Ever since Google started to offer users a GMail e-mail account, which includes storage space of a 1000 megabytes, you have had plenty of storage space but not a lot to fill it up with. With GMail Drive you can easily copy files to your GMail account and retrieve them again.
When you create a new file using GMail Drive, it generates an e-mail and posts it to your account. The e-mail appears in your normal Inbox folder, and the file is attached as an e-mail attachment. GMail Drive periodically checks your mail account (using the GMail search function) to see if new files have arrived and to rebuild the directory structures.
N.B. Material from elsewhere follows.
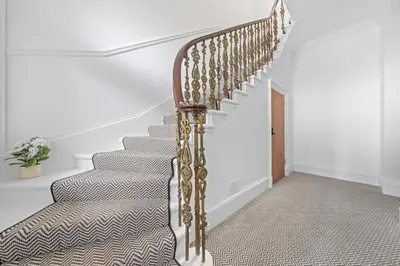 a stairway with a wooden rail and a stair case at The Snug - Beachwalk Apartments in Ayr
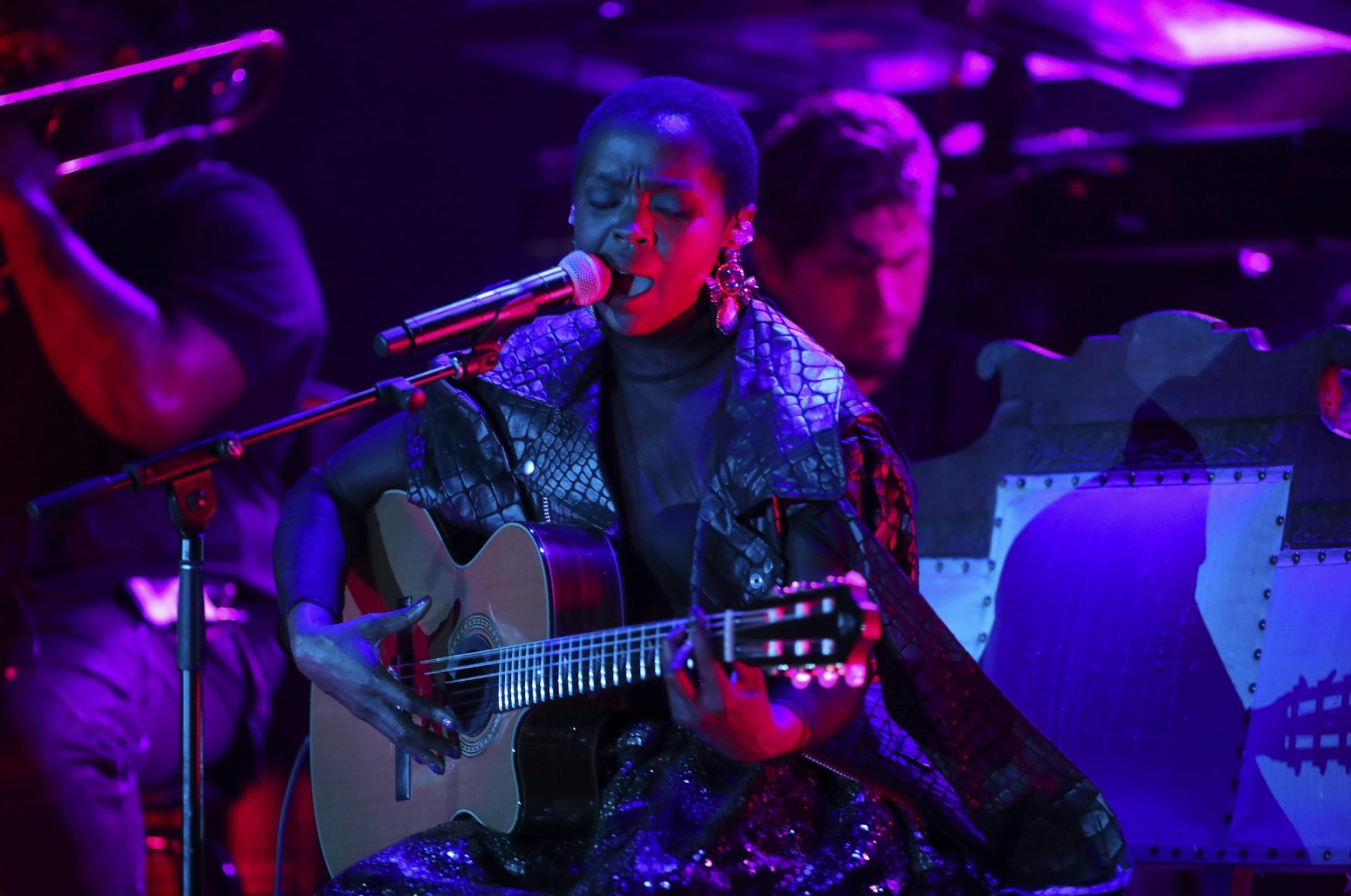 Lauryn Hill on the First Ave. stage with her band early in her set Sunday night.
But basically GMail Drive acts as any other hard-drive installed on your computer.
You can copy files to and from the GMail Drive folder simply by using drag'n'drop like you're used to with the normal Explorer folders.


Sunday, October 03, 2004

Tata Infotech joins Mainframe Migration Alliance

One of the things I was involved in the last few weeks was partnering with Microsoft in the Mainframe Migration Alliance. The Mainframe Migration Alliance (MMA) is a group of companies that are working together to help customers migrate workloads off of the mainframe and onto the Microsoft platform. The Alliance represents a group of companies that have their interests aligned in making Mainframe Migrations easier and more efficient for customers. Tata Infotech (company I work for) has a long history of successful Mainframe Migration projects. Many of these migrations have been to the Wintel (MS Windows + Intel) platform (using .NET/Java technologies), so it was but obvious for us to join this alliance. I look forward to working with Microsoft and other alliance partners in helping our Customers move from Mainframe platforms to Windows.

Press Releases
http://www.microsoft.com/presspass/press/2004/sep04/09-28MainFrameMigrationPR.asp
http://www.microsoft.com/presspass/features/2004/sep04/09-28MigrationAlliance.asp

Where have I been, Where am I going?

Last few months have been very hectic for me on the work front and whatever time I could take out (very minimal), I tried to spend it with my wife. The result being, it left very little time to blog (both read and write) and other things I love to do. Hopefully, the long work hours will subside and I will get good time to blog.